How do mapper chips actually work?

How do mapper chips actually work?
by on (#153063)
This is a general operation question about chip behavior for something like bankswitching. I get the usage of writing to a port/address, and that makes a certain chunk of memory accessible by the cpu and all that. What maintains that state after I make that selection?

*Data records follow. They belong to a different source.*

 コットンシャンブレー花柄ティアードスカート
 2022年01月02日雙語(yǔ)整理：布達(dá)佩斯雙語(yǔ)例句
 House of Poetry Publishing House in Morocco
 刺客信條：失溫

For example, looking at UNROM, there are some discrete logic chips for prg banking. I can select a bank number and write it to $8000 (or other suitable address, glossing over details) to map in the prg data I want. As I understand it the bits for that bank number on the corresponding data lines are input for the discrete chips, and the output is tied to the high address lines on the prg rom. So far so good. What happens at the next instructions when I want to read something out of the new prg bank? The bank number value is no longer on the bus right? What keeps the outputs to the high address lines fixed to what I want?
Re: How do mapper chips actually work?
by on (#153065)
Using the same example of UNROM, you'll see that there's two ICs: a 74'32 quad OR gate (which is what makes the upper 16 KiB of the address space stay mapped as the upper 16 KiB) and a 74'161 4-bit latch and counter.

That latch is what keeps track of what bank was written. Wikipedia explains how the latch itself works: wikipedia:Flip-flop (electronics)#D flip-flop
Re: How do mapper chips actually work?
by on (#153067)
So in that example, the output value is set when /LOAD is low (or whichever control pin manages that)? And then it keeps that value until its told to change again?

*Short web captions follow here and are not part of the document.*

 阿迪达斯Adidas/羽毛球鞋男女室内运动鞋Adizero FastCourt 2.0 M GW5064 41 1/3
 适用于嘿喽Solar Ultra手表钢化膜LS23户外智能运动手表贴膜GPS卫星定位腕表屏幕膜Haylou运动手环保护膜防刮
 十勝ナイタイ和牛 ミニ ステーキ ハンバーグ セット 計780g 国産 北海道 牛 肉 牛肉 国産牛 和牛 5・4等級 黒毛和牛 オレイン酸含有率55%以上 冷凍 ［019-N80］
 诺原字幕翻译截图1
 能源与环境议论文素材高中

For something like MMC3, it has a similar device built in?
Re: How do mapper chips actually work?
by on (#153068)
Yeah, the 74'161 is connected with /LOAD to R/W and ↑CLOCK to /ROMSEL, so the value is latched when /ROMSEL goes high (at the end of the cycle where the write happens).

And, yes, the MMC3 has something equivalent ... or a lot of somethings equivalent, anyway.
Re: How do mapper chips actually work?
by on (#153069)
Cool, that all makes sense. Thank you very much.